PNGAA Library

Anzac Day 2012 in Rabaul: Bob Cleland

My recent visit to PNG falls naturally into three parts: the cruise from Alotau to Rabaul, Anzac Day in Rabaul, and my return to Goroka after 36 years. I will cover only Anzac Day here to slip it in to the June Une Voce at the last minute. Look for the rest in the September issue.

On the previous Sunday, 22 April, those of us on the cruise had an early breakfast before piling into the Zodiacs to go ashore, before dawn, at Tol. A short walk brought us to the small cairn with plaque erected in memory of the 160 members of the 2/22nd Battalion, Lark Force, who lost their lives at Tol Plantation while prisoners of war of the Japanese Army.

We were soon joined by the local priest who held a short memorial service including a school choir singing two hymns and the Australian National Anthem. Ex-navy octogenarian Frank Lang movingly recited They shall not grow old . . . This simple and emotional little service started our thoughts and emotions building towards Anzac Day.


Rabaul Cenotaph as dawn breaks. Photo: Ally Martell

Several hundred hushed people gathered in the Anzac Day pre-dawn darkness at Rabaul's RSL Cenotaph. The flags of PNG, Australia and New Zealand hung at half mast in the still moist air.

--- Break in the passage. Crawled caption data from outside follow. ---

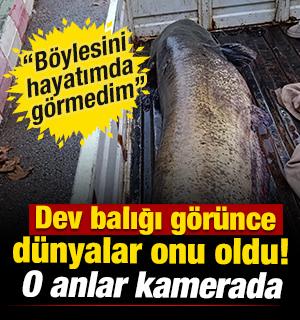 Dev balığı görünce dünyalar onu oldu! O anlar kamerada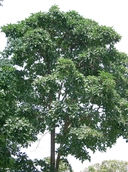 Web site image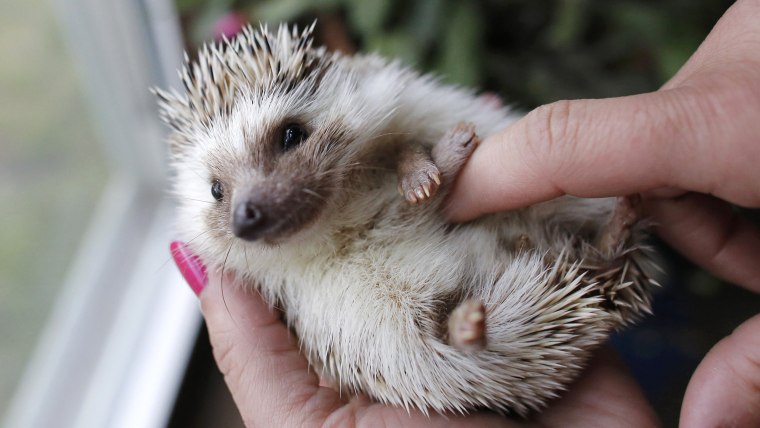 In this May 6, 2014 photo hedgehog breeder and trainer Jennifer Crespo, of Gardner, Mass., holds a pet hedgehog at her home in Gardner, Mass. Hedgehog...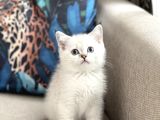 Aşiri Güzel Bri̇ti̇sh Si̇lver Poi̇nt Yavrum Her İle Gönderi̇m
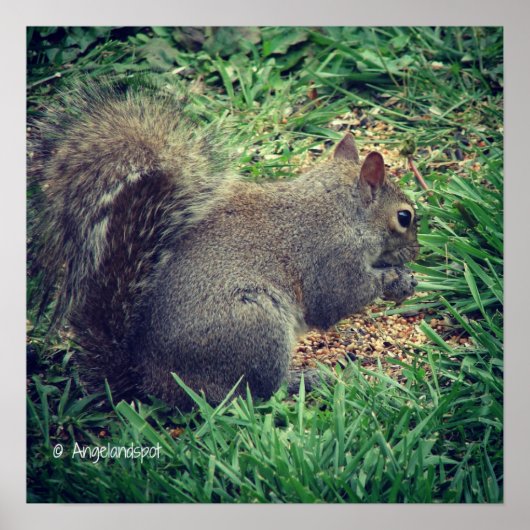 愛らしいリス ポスター (正面)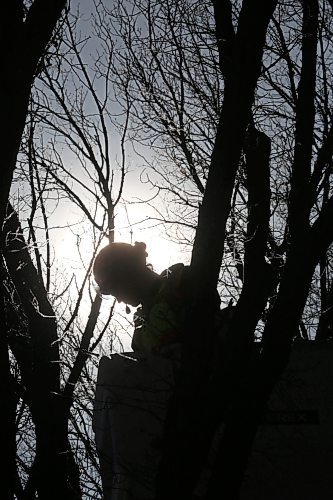 City of Brandon arborist Tyler Skinner is silhouetted against the sun while trimming branches in the
wide crown of an elm tree on the corner of Third Street and Kirkcaldy Drive on Monday afternoon. (Matt Goerzen/The Brandon Sun)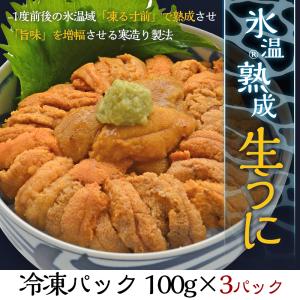 【条件付き送料無料】氷温熟成 冷凍ウニ (100g×3パック）冷凍 母の日 父の日 お中元 敬老の日 お歳暮 年末 お年賀 記念品 ギフト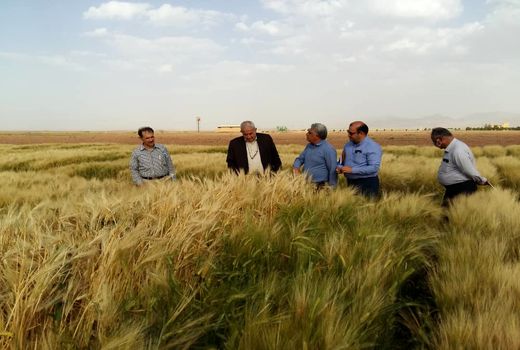 بازدید سرزده رئیس سازمان از پروژه‌های ایستگاه تحقیقات کشاورزی فیض آباد و کاشمر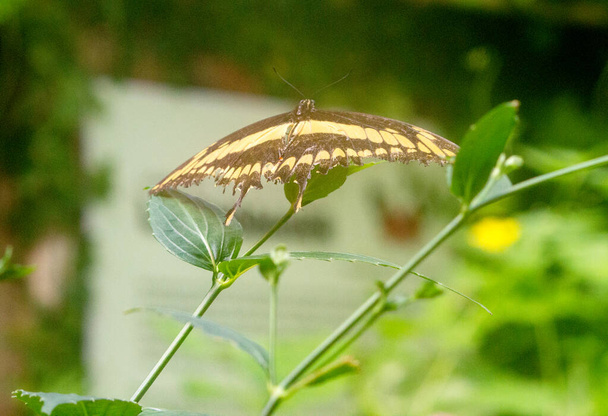 Fechar de uma borboleta amarela marrom em uma folha - Foto, Imagem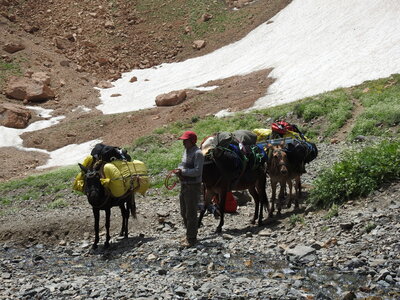 Damavand - Juillet 2016, DSCN3107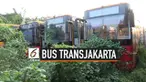 Puluhan bus Transjakarta terbengkalai sejak tahun 2015 di pool PPD. Bus-bus tersebut kini dalam kondisi memprihatinkan karena rusak dan tidak terurus. Belum ada keterangan resmi baik dari PPD mauoun pihak pengelola Transjakarta mengenai keberadaan bu...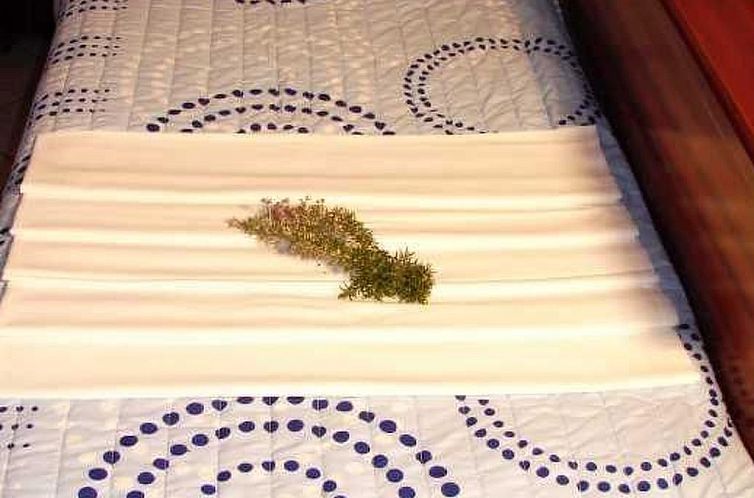 Appartement mit Terrasse für vier Personen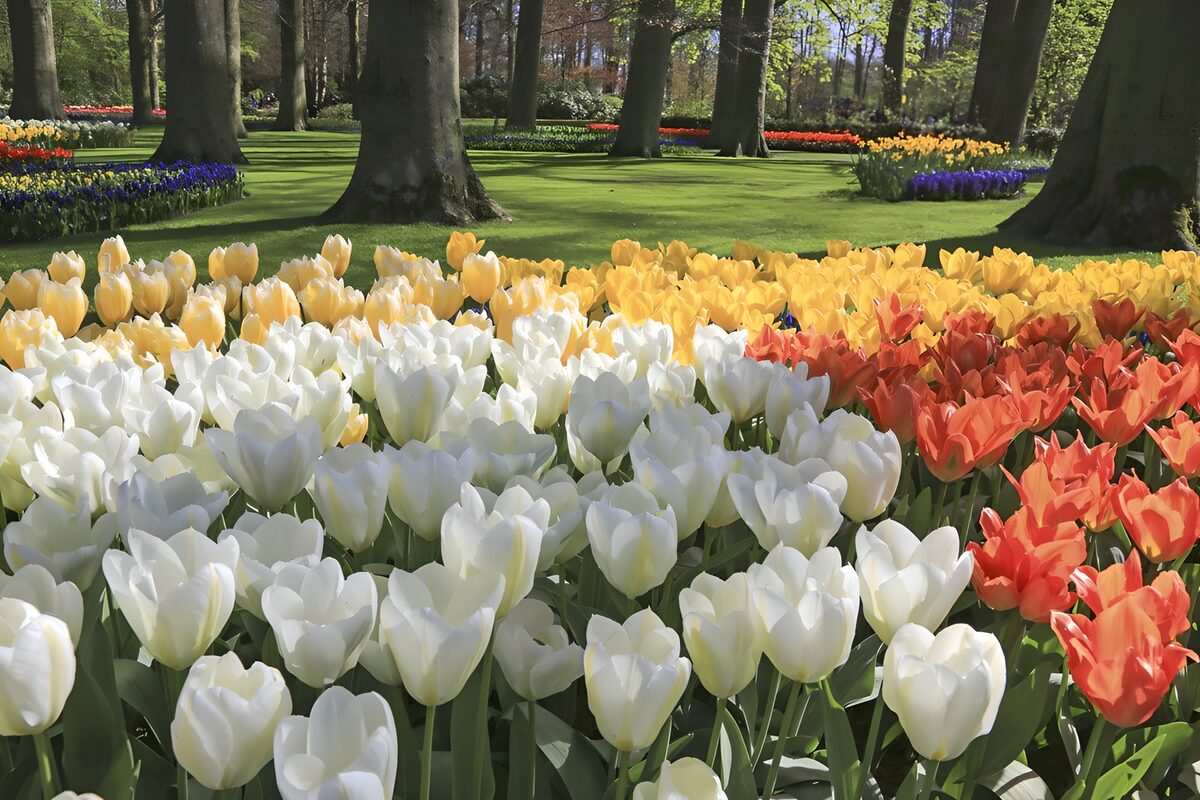TPDE78375: Tulpen im Keukenhof 1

We were welcomed by Tony Avenell, President of the New Guinea Club; we prayed with Deacon Dominic; we heard a Dedication to the Fallen by Major L S Brown of the Australian Defence Staff in Lae; and we were addressed by Phil Ainsworth, President of both the PNGVR Ex-Members Association and also the Rabaul and Montevideo Maru Society.

Phil gave us the historic context of the Anzac legend and extended that to the tragic events of WW II, particularly in Rabaul and New Britain, the very reason we were all there on this 70th anniversary of the several 1942 events.

The Baravon Choir gave us a hymn in their beautiful harmony and as their last notes faded we watched the representatives of several countries reverently lay their official wreaths. The general public followed including a number of PNGAA members and several from the cruise-ship community. The cenotaph base was a sea of colour and many embedded messages with the wreaths and flower sprays spoke of loss and remembrance.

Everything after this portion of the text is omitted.